:: Data records

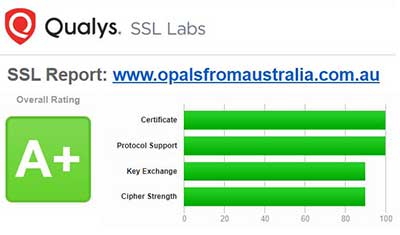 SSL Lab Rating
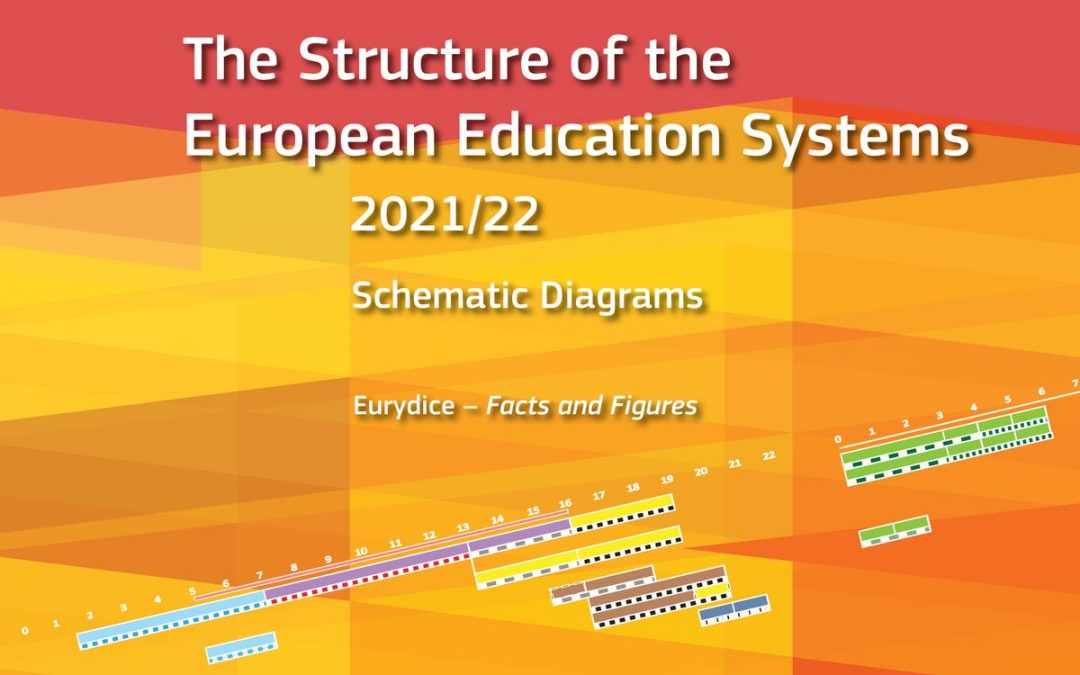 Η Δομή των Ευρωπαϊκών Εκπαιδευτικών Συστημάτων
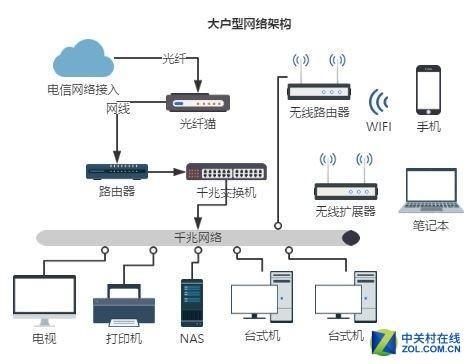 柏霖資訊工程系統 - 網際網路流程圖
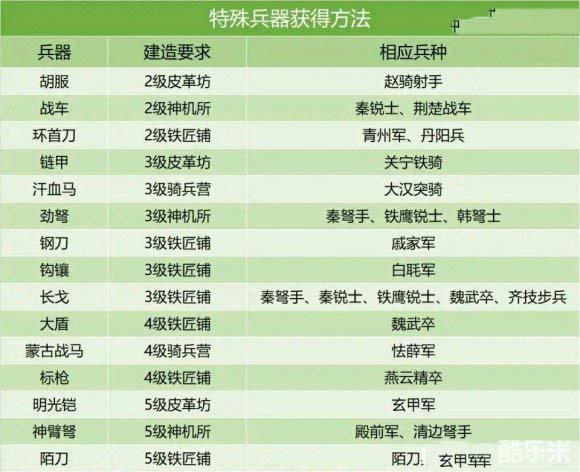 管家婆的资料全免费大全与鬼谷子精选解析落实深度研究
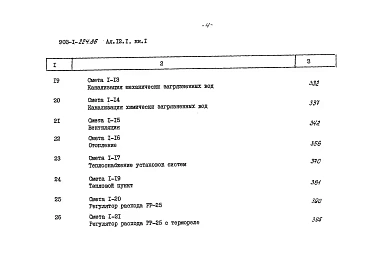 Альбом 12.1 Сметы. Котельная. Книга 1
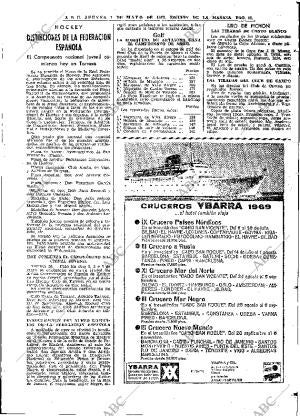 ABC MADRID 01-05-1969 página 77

::::

__Instructions to follow__.
Leaving every picture out, output the data exactly as it stands.

__The completed task__.
 SSL Lab Rating
 Η Δομή των Ευρωπαϊκών Εκπαιδευτικών Συστημάτων
 柏霖資訊工程系統 - 網際網路流程圖
 管家婆的资料全免费大全与鬼谷子精选解析落实深度研究
 Альбом 12.1 Сметы. Котельная. Книга 1
 ABC MADRID 01-05-1969 página 77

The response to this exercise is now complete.